● **Task item**
Starting at the top of the entries, restate word for word each line up to and including the one with "CIVB70 Florida License Plate".

Content starts

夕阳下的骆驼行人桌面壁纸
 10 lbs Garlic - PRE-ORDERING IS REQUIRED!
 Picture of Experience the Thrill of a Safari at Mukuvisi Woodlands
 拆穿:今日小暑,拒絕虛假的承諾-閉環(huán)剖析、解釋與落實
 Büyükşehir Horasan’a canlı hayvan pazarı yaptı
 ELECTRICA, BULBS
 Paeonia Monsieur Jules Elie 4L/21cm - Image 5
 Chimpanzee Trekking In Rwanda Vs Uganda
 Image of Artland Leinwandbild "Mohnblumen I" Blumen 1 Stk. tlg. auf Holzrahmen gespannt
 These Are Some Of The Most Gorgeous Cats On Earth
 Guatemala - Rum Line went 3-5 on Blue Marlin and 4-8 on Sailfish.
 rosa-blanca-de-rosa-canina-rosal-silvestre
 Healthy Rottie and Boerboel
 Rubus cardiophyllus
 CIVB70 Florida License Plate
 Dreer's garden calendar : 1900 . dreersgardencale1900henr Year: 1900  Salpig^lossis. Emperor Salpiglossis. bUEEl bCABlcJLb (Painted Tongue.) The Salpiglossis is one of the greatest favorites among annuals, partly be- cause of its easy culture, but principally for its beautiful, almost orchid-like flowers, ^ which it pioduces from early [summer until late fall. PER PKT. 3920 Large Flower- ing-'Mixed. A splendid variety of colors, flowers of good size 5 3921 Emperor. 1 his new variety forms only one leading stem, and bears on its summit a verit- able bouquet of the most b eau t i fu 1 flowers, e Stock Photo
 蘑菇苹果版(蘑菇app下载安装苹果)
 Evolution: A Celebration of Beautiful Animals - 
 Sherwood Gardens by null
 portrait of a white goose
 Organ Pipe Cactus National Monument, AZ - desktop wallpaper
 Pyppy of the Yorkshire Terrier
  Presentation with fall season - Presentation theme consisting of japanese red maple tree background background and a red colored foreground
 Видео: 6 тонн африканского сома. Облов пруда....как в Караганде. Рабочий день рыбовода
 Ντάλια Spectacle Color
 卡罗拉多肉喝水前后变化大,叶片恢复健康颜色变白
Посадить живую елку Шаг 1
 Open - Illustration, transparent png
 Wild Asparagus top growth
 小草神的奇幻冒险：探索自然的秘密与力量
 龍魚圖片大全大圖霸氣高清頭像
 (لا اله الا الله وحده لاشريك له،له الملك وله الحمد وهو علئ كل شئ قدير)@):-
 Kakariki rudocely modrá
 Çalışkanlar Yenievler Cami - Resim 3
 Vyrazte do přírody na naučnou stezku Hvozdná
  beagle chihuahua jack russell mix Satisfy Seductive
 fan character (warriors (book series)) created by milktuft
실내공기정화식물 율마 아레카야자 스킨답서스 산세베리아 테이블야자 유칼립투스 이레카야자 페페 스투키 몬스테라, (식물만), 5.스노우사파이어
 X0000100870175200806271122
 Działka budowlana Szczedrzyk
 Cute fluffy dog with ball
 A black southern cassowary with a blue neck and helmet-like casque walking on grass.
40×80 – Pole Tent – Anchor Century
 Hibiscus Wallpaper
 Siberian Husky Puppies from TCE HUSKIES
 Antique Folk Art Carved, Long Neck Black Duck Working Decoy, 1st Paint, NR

Content ends

● **Solution to the exercise**
夕阳下的骆驼行人桌面壁纸
 10 lbs Garlic - PRE-ORDERING IS REQUIRED!
 Picture of Experience the Thrill of a Safari at Mukuvisi Woodlands
 拆穿:今日小暑,拒絕虛假的承諾-閉環(huán)剖析、解釋與落實
 Büyükşehir Horasan’a canlı hayvan pazarı yaptı
 ELECTRICA, BULBS
 Paeonia Monsieur Jules Elie 4L/21cm - Image 5
 Chimpanzee Trekking In Rwanda Vs Uganda
 Image of Artland Leinwandbild "Mohnblumen I" Blumen 1 Stk. tlg. auf Holzrahmen gespannt
 These Are Some Of The Most Gorgeous Cats On Earth
 Guatemala - Rum Line went 3-5 on Blue Marlin and 4-8 on Sailfish.
 rosa-blanca-de-rosa-canina-rosal-silvestre
 Healthy Rottie and Boerboel
 Rubus cardiophyllus
 CIVB70 Florida License Plate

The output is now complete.